First, we will minimize the objective function numerically, using `scipy.optimize.minimize`.

In [None]:
reg_scipy = opt.minimize(mse_for_this_problem, np.zeros(2)).x #provide an initial guess of beta = [0,0]
print(reg_scipy)

Next, we will solve the problem analytically, using the closed form solution.

In [None]:
reg_inv = np.linalg.inv(X.T @ X) @ X.T @ y # this is the analytical solution
reg_solve = np.linalg.solve(X.T @ X, X.T @ y) # this is also the analytical solution, but should be faster than using the inverse.

In [None]:
print(f"reg_inv = {reg_inv}") # notice that they give the same answer
print(f"beta_hat3 = {reg_solve}")  # The time difference won't be noticeable for small matrices like this one, but it will be substantial when you have more data

Finally, we'll solve the same problem using scikit-learn and statsmodels. 

In [None]:
# Using sklearn.linear_model
reg_sklearn = linear_model.LinearRegression(fit_intercept=False)
reg_sklearn.fit(X, y)
beta_hat_sklearn = reg_sklearn.coef_
print(f"beta_hat_sklearn = {beta_hat_sklearn}")

# Using statsmodels.api
reg_statsmodels = sm.OLS(y, X)
sm_result = reg_statsmodels.fit()
beta_hat_statsmodels = sm_result.params
print(f"beta_hat_statsmodels = {beta_hat_statsmodels}")


In [None]:
print(sm_result.summary())

At face value, it is good that all methods give the same answer.

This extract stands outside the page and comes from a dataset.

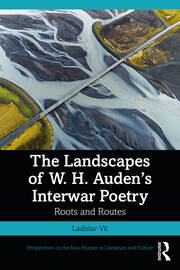 The Landscapes of W. H. Auden’s Interwar Poetry: Roots and Routes book cover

However, it is good to note that

1. The numerical solution is not exact, will depend on the initial guess, and may not converge. However, the numerical solution is very general, and can be used for nonlinear models.
3. The analytical solution is exact, but only works for linear regression. Using `np.linalg.solve` will be faster than inverting the matrix.
4. The scikit-learn and statsmodels solutions are also exact, and are optimized for linear regression. They may be slower than the analytical solution, but give you a lot of extra important information.